For criminal acts committed upon business land that hurts another person, the Judge first determines if there was a duty at all before fault is allowed to be analyzed.
The attorneys simply characterize and attempt to persuade the jurors to find how fault should be analyzed and/or divided between you and the business landowner.
- How can they blame me and say I was at fault in any way for my own fall when there were no witnesses other than the criminal?
Fault is a determination usually made by a jury. It depends upon many different factors.
See our previous link (here) for what to do immediately after a fall to help get a settlement fairly and quickly.
- What is "standard of care" owed to me by the business or landowner?
The "Standard of Care" for any business landowner is the level of how careful it needed to be with regard to how it operated its land prior to your injury.
There are different levels of care required by Indiana law that a business landowner must be. These different levels are all conditioned upon whether the person who was injured was invited on the land (not necessarily an express invitation, but customers are considered to have been invited to spend money) or was a trespasser.
Invited persons are owed the highest duty of care by the business; trespassers are almost owed no duty (only a duty to not set traps designed to injure).
See the section above on Indiana law to determine whether you think you had an invitation to be on the land. There is a middle duty - that owed to a licensee (best example of licensees are volunteer members at a car wash held at a grocery store; they don't necessarily help the business monetarily, but they are allowed permission to be there).
Customers and invited persons on land are owed the highest duty of care by a business landowner. That care is defined as "reasonable" care under the circumstances. In other words, the business landowner must act reasonably before your injury in order to prevent it.
Merely falling is not an indication the business landowner did anything wrong. In fact, people fall all the time. Sometimes, people trip over their own shoelaces and this cannot be the fault of the business landowner.

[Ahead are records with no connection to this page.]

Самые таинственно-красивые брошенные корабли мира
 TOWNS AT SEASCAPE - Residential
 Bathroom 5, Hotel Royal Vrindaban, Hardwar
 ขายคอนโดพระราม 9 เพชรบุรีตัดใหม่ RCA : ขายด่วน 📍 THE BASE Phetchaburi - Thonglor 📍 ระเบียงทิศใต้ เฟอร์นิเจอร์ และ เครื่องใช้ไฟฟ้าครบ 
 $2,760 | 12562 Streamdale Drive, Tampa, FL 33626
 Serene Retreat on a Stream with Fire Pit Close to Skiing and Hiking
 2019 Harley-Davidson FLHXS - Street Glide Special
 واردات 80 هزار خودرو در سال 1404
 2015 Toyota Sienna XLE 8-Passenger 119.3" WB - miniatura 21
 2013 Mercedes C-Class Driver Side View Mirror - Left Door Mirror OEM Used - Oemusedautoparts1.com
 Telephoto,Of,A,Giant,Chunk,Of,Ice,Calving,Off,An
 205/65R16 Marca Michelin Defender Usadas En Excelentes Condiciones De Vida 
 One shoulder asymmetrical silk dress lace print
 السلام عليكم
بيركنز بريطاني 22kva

Similarly, failure to plow or salt an icy parking lot is not necessarily an indication of unreasonable conduct either. If the business landowner could not salt or plow because it was too cold or it was snowing at the time of your fall, then a jury could theoretically find it was not unreasonable to fail to do so. This is a very difficult situation for an injured person to understand.
The bottom line is this -what is "reasonable" care is determined by a jury. And once you hire us, we can attempt to persuade the insurance company or the jury that the actions or omissions of the business landowner was not reasonable before you were injured.
- How do I prove the business or landowner knew about the danger beforehand?
Proving notice is best handled by an attorney.
Very rarely will we get an admission by an employee of a business that he/she knew about a dangerous condition before your injury and failed to act (although, surprisingly it happens).
The best way to prove notice is to highlight "constructive notice" and what should have been known by the business had it performed routine or regular inspections. These inspections need to be reasonably done and documented. Failure to do so can be the basis for an argument the business landowner stuck its head in the sand and did not provide reasonable care to customers before an injury occurred.
- How much advance notice of the potential for imminent violence (harm) must a landowner have before they will be determined to be responsible?
Thirty Minutes of threats were determined to be long enough for a restaurant to be held responsible for a shooting that occurred after the threats.
But, in Goodwin, the Indiana Supreme Court ruled a tavern did not know or have reason to know a shooting was going to occur, especially since it happened quickly and without any prior notice to the staff or management. Thus, the Indiana Supreme Court ruled it was not reasonably foreseeable to the tavern a shooting would occur.
Another, non-reportable case held that an assailant who was on gas station property for 64 seconds and punched another customer was not enough time for the gas station employees to be held to have foreseeable knowledge of imminent harm to that customer.